[Opening Supplied material section]

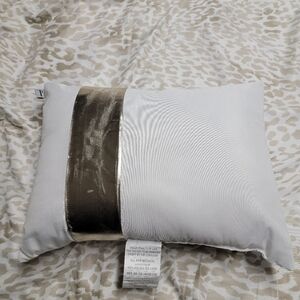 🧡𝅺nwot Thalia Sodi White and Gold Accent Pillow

[Closing Supplied material section]
[Opening Supplied material section]

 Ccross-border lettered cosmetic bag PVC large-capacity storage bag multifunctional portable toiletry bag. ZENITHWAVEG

[Closing Supplied material section]
[Opening Supplied material section]

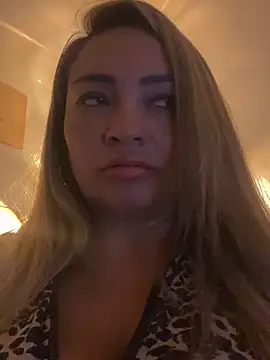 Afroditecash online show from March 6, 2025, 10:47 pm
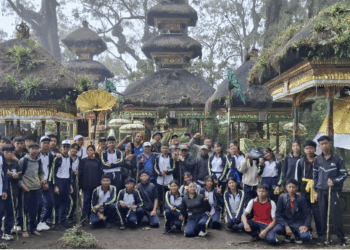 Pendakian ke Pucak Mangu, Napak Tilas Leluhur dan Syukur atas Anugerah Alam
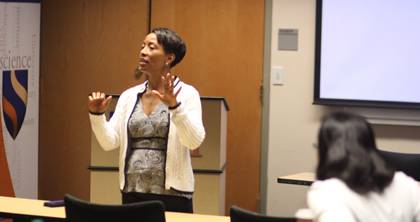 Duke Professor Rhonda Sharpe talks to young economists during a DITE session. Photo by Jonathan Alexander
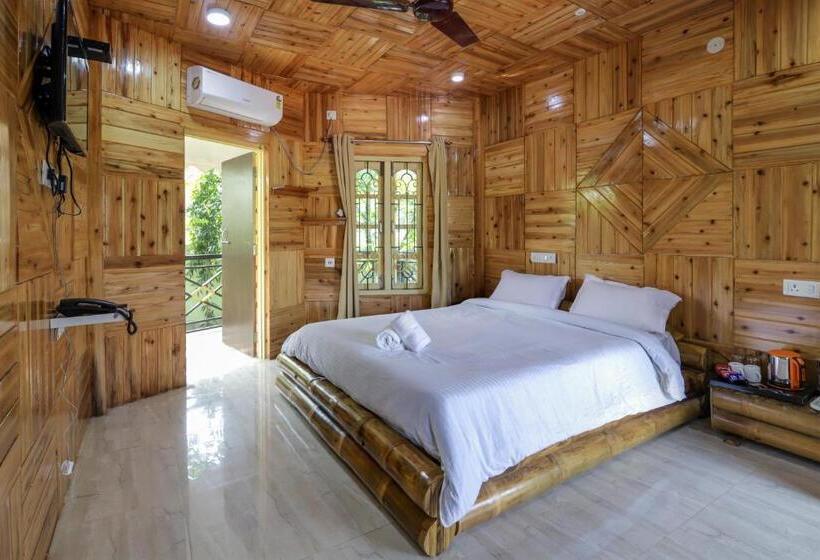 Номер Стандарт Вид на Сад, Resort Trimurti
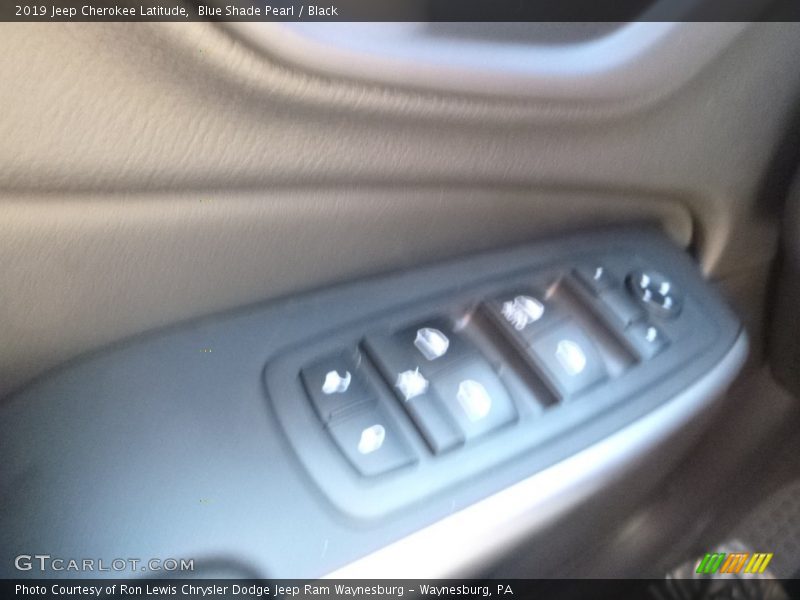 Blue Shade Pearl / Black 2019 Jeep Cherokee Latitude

[Closing Supplied material section]

=== Directions for this task ===
Using the data above, which lines fall from the one with "Afroditecash online show" through the one with "Blue Shade Pearl"? Repeat them exactly, ends included, minus any pictures.

=== Finished task ===
 Afroditecash online show from March 6, 2025, 10:47 pm
 Pendakian ke Pucak Mangu, Napak Tilas Leluhur dan Syukur atas Anugerah Alam
 Duke Professor Rhonda Sharpe talks to young economists during a DITE session. Photo by Jonathan Alexander
 Номер Стандарт Вид на Сад, Resort Trimurti
 Blue Shade Pearl / Black 2019 Jeep Cherokee Latitude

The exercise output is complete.